Quick validation approach:
Compare the output against what the profile claims. Every name must match
exactly. Do not proceed to step 5 until all profiles pass validation.
Validate summary counts (manifest repo mode only)
If workspace_overview.md was generated, verify its structure table:
- For each project row:
- Repo count: Count the number of rows in the Component Inventory table.
- Component count: For those rows, sum the number of component names listed
in the Components column (do not just count rows — multi-component repos
contribute one count per component name).
- Compare these counts against the values claimed in the overview.
- Verify that totals equal the sum of per-project counts.
If any count mismatches, fix workspace_overview.md before proceeding.
5. Add frontmatter to generated files
Every generated file should start with:
<!-- Generated by gather-project-knowledge skill. Do not edit manually. -->
<!-- Regenerate by running this skill in a project worktree for a knowledge-update issue. -->
<!-- Source: workspace at {workspace_repo_url} -->
<!-- Generated: {date} -->
6. Commit the changes
Stage all files in .agents/workspace-context/ and commit with a message like:
Update project knowledge summaries
Scanned N repos. Found X components.
Changes: [brief summary of what changed]
Report what was generated and what changed compared to the previous version.
Output Structure
.agents/workspace-context/
├── workspace_overview.md
├── governance_summary.md
└── project_profiles/
├── repo_a.md
├── repo_b.md
└── ...
Guidelines
- Component names come from manifests only — repo directory names and
declared component names are different things. The only authoritative source
for a component name is the manifest file (
package.json, pyproject.toml,
Cargo.toml, etc.).
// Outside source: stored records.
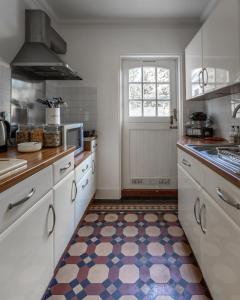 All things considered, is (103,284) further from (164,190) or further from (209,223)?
(164,190)

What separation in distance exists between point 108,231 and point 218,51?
175 centimetres

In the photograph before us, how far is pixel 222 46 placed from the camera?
156 cm

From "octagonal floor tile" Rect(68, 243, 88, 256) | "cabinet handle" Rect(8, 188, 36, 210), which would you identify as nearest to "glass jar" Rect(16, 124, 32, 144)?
"cabinet handle" Rect(8, 188, 36, 210)

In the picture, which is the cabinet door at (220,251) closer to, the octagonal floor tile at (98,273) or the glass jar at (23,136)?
the octagonal floor tile at (98,273)

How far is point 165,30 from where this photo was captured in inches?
112

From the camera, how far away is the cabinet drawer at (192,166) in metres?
1.41

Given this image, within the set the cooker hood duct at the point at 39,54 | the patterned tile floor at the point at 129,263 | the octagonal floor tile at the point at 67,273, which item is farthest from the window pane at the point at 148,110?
the octagonal floor tile at the point at 67,273

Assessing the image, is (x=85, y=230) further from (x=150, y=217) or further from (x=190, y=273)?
(x=190, y=273)

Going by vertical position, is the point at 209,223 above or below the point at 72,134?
below

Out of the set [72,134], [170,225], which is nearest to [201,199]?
[170,225]

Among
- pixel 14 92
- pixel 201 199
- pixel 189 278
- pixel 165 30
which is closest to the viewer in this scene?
pixel 201 199

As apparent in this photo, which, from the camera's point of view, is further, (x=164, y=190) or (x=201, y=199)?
(x=164, y=190)

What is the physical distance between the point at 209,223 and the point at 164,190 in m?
1.93

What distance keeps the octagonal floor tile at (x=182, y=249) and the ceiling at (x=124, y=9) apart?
2.41m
A repo named tools may contain components named
cli-helper, data-pipeline, etc.
- Verify against source — every claim must come from actual files read
during the scan. Do not guess component descriptions or dependencies.
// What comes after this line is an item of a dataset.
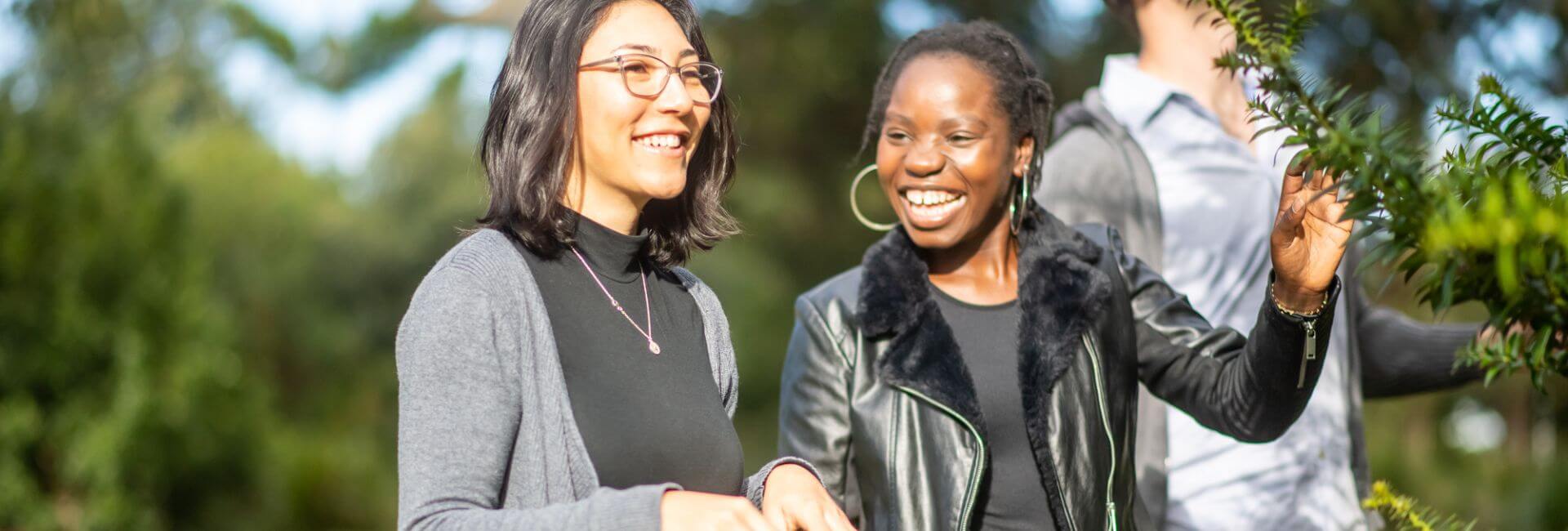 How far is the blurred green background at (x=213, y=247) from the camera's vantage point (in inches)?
196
- Keep summaries concise — the point is to save context window. A profile
should be 20-50 lines, not a full reproduction of the source.
- Flag gaps — if a repo has no agent guide or no governance docs, note it.
This helps prioritize documentation work.
- Preserve existing content — if
.agents/workspace-context/ already has
hand-written files (not generated), do not overwrite them. Only update files
with the generated-file frontmatter.
- Respect other knowledge providers — if a project repo has its own
.agents/workspace-context/, read it as input but don't overwrite it.
Summarize its content in the workspace-level view.